Aktionsbündnis "Klare Spree": Wasserqualität verbessert sich

Winfried Böhmer, Sprecher des Aktionsbündnisses "Klare Spree"
Winfried Böhmer, Sprecher des Aktionsbündnisses "Klare Spree" FOTO: Jan Augustin
Vetschau. Mit etwas Verspätung soll das Wasser des Reudener Grabens ab diesem Wochenende über die Grubenwasserreinigungsanlage Vetschau (GWRA) fließen. Das teilte der Sprecher des Aktionsbündnisses "Klare Spree", Winfried Böhmer, mit. jag

Für die erste "Ockerbarriere" des Spreewaldes im Vetschauer Mühlenfließ sei damit ein wesentlicher Bauabschnitt realisiert. "Damit tritt nun endlich eine deutliche Reduzierung des Eisenockers ein", erklärt Böhmer. Das komme auch den Stradower Fischteichen zugute, in denen sich bisher viel Eisenocker absetzte.

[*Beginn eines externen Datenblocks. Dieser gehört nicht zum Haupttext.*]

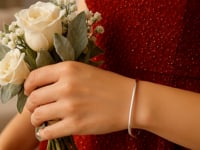 Sterling Silver Rhodium Plated Square Slip On Bangle (3.00 mm)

Unterhalb der Reptener Teiche sei der Düker verschlossen worden und der Reudener Graben an das Neue Vetschauer Mühlenfließ angeschlossen worden. Damit würden nun annähernd hundert Prozent des eisenhaltigen Wassers der GWRA zufließen. Böhmer: "In Vetschau und weiter in Richtung Spreewald wird sich die Wasserqualität bald bessern."

Nach diesem wichtigen Schritt sei nun ein weiterer notwendig: "Es steht bereits fest, dass eine Zugabe von Flockungsmitteln erforderlich wird, da der geforderte Abscheidegrad allein durch den Absetzeffekt in der GWRA nicht erreicht wird." Der Bergbausanierer LMBV habe bereits zugesagt, dass zunächst eine mobile Anlage und bis zum Herbst eine stationäre Dosierungsanlage in Betrieb gehe.